€1 million fine imposed by CNIL on an energy company for several GDPR violations related to data subject’s rights and transparency obligations.
After receiving several complaints regarding the difficulties encountered by users in having their requests for access to their data and opposition to receiving calls for the purposes of direct marketing fulfilled by TOTALENERGIES ÉLECTRICITÉ ET GAZ FRANCE (TotalEnergies), CNIL has hit the French energy producer and supplier with a fine of €1 million. The French authority also decided to make this decision public. According to this report from CNIL,
CNIL’s investigation revealed several GDPR infractions by TotalEnergies.
The investigation by CNIL revealed several infractions by the company. These include failure to allow individuals to object to commercial prospecting, failure to provide information and respect the exercise of rights, as well as failure to comply with the obligation to inform individuals solicited (article 14 of the GDPR). In addition, a form presented to users on the company’s website prompted a subscription to an energy contract in which users acknowledged that they agreed to the use of their personal data to receive commercial offers in the future, with no possibility to object. Users, when filling out this form, had no ability to decline the reuse of their data for the purposes of commercial canvassing for similar products and services. This violates article L. 34-5 of the French Post and Electronic Communications Code or CPCE.
There was essential information regarding the processing of users data, which has also not been communicated to the relevant persons, who in addition to this, were unable to access more information. The company also violated article 15 of the GDPR by failing to respect the right of access of users to their data.
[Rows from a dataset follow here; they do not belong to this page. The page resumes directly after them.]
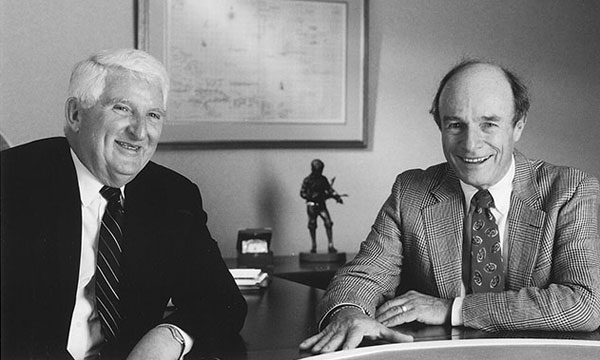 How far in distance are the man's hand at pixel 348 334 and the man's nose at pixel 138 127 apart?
0.69 meters

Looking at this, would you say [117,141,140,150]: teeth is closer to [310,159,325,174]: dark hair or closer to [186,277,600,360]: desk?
[186,277,600,360]: desk

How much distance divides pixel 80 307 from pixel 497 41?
10.2ft

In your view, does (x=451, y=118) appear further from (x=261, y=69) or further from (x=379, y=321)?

In addition the company’s failure to comply with users’ requests to access their personal data and to stop receiving prospecting calls from commercial entities, was a violation of article 21 of the GDPR. This company also failed to respond to those requests to exercise rights within one month as provided for the GDPR.
CNIL decided on a total fine of €1 million on TotalEnergies for these infractions.
In deciding the amount of this fine, the CNIL took into account the various breaches identified as well as any measures taken by the company during the procedure to come into compliance. The authorities settled on a fine of €1 million for failing to comply with its obligations regarding commercial prospecting and personal rights. In addition, CNIL decided to make this decision public.